Le lapidi della chiesa e cimitero
Lapide di Erasmus Iuxtus Gasser
...tramite un tunnel spazio-temporale (wormhole), i nostri antenati isolani del ‘700 (Caezza & Palmisano), che ancora vivono nei pagliai accanto al dìruto convento di S. Maria, (la costruzione del paese va per le lunghe), mi hanno appena scritto su Facebook:
“ .... ebbimo imprompta contezza quibus vuolsi qualmente ravvisare che noi, dacché mai fummo in insula Usticae e cosicché ivi disconosciuti, fu mestieri doversi ricorrere a de’ comiti et eziando cognitis, seu “canuscienti”….etc etc..
Insomma, i nostri antenati vogliono dire che improvvisamente, noi abbiamo scoperto che dovremmo andare ad Ustica, non sapendone nulla e quindi, giocoforza, ci dobbiamo servire di amici e “canuscienti” che ci forniscono spunti storici, pure commentandoli. Tanta fatica in meno.
Per esempio:
USTICA - Il marmoraro che (forse) finì alla gogna ai Quattro Cantoni di Palermo, per una lapide nella Chiesa di S. Ferdinando.
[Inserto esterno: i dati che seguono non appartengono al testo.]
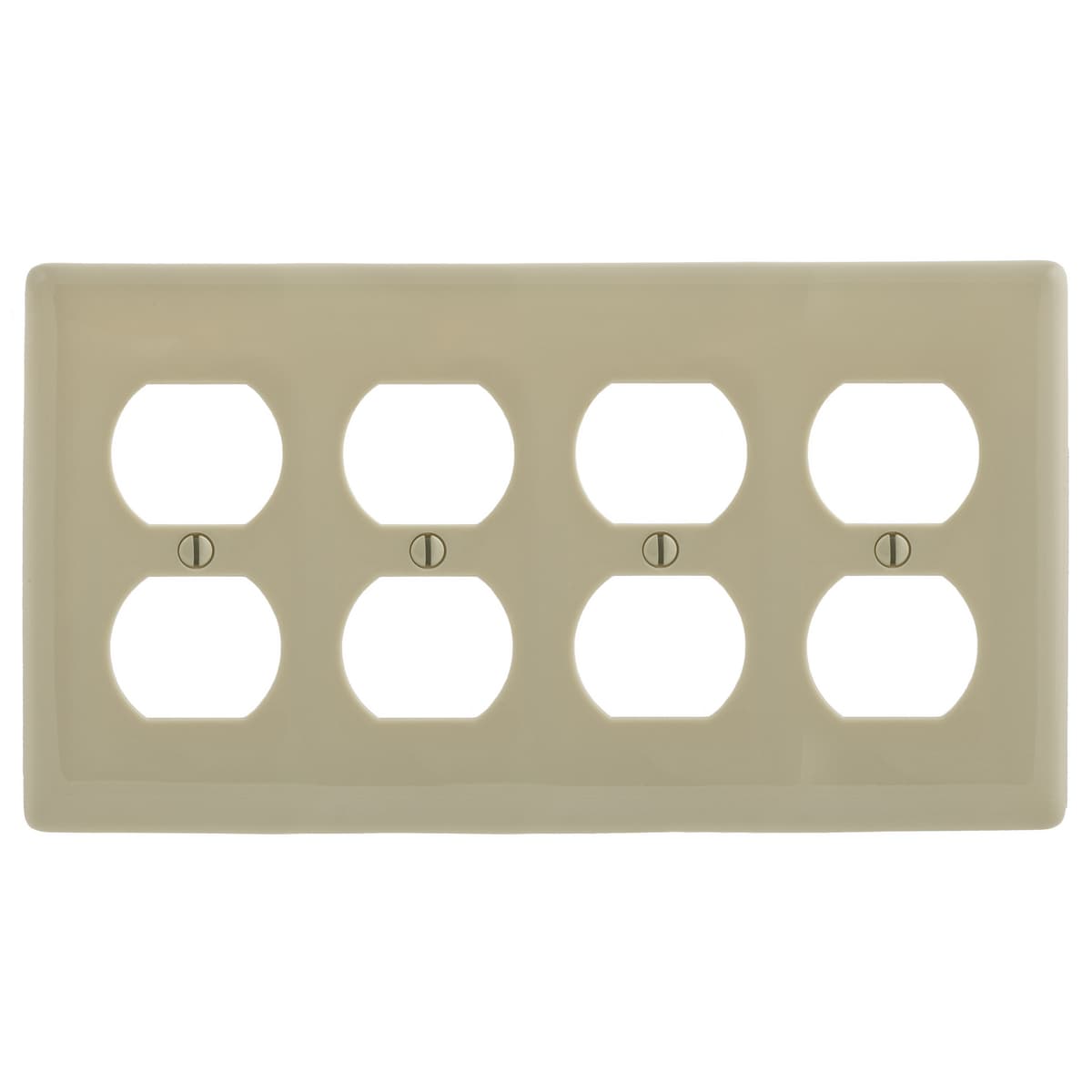 Hubbell NP84I Wallplates and Box Covers, Wallplate, Nylon, 4-Gang, 4) Duplex, Ivory  ; Reinforcement ribs for extra strength ; High-impact, self-extinguishing nylon material ; Captive screw feature holds mounting screw in place ; Standard Size is 1/8" larger to give yo Hubbell NP84I Wallplates and Box Covers, Wallplate, Nylon, 4-Gang, 4) Duplex, Ivory  ; Reinforcement ribs for extra strength ; High-impact, self-extinguishing nylon material ; Captive screw feature holds mounting screw in place ; Standard Size is 1/8" larger to give yo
Nella Chiesa di Ustica ci sono delle notevoli lapidi che rievocano un passato remoto che ancora è tutto da scrivere. Lo faremo noi ?
Una di queste notissime lapidi è dedicata a Erasmo GASSER, svizzero, Capitano del Distaccamento degli Invalidi (soldati inabili al servizio attivo), il quale “…. nel 1800, obbligandosi a pagare il censo, aveva chiesto il giardinetto attaccato alle case regie ma il Regio Commissionato si oppose..” (Don Michele Russo).
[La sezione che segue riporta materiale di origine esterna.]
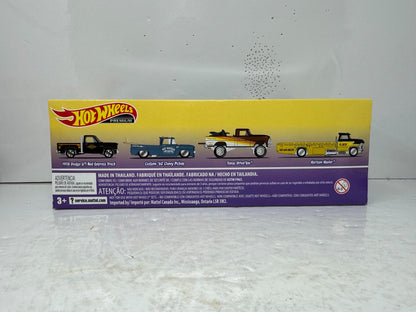 Hot Wheels Premium Pickup Trucks 4-Pack Collector Diorama Set 1:64 Diecast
La lapide è scritta in latino e, anche se la foto fatta naturalmente col cellulare...aiut….alquanto sfocata, può essere ben decifrata da Agostino e Girolamo che a suo tempo hanno studiato quella lingua sotto le grinfie-cordonate di Padre Carmelo. Grosso modo, si dice:
“Qui giace Erasmo Giusto Gasser, di nobile famiglia, di grandi meriti etc….morì nell’anno 180…”.;
nell’anno ci manca una cifra, forse uno zero, incredibile ma vero! E forse per questo motivo il marmoraro che incise la lapide finì ai Quattro Canti di Palermo alla gogna o ..’a cascietta, come si diceva, da cui l’insulto “cascittuni” o “muffutu” per indicare una spione o delatore, punito in quella maniera ignobile, sputazzato da tutti. In conclusione, non sappiamo se il capitano Gasser morì nel 1800 o dopo. Solo gli atti parrocchiali possono rivelare l’arcano.
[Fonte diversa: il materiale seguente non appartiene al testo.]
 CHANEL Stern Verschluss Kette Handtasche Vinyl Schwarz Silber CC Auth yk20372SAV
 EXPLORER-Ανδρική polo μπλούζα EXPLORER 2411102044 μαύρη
Lapide di Margherita Wauer
Bisogna prima augurarsi che, sia chi dettò la lapide, sia chi la incise, siano stati fucilati, con ignominia, alle spalle, nella spianata della Torre S. Maria. Il primo, perché l'ha fatto apposta a non farsi capire col troppo 'latinorum'...che bisogno c'era di dire -il giorno prima delle calende d'agosto- quando poteva dire il 31 Luglio e la piantava lì; e quell'altro che incise il marmo in maniera ignobile: non c'è quasi una lettera uguale all'altra in dimensione, spessore...etc...
Poi, la foto col damned telefonino e il quadro è completo.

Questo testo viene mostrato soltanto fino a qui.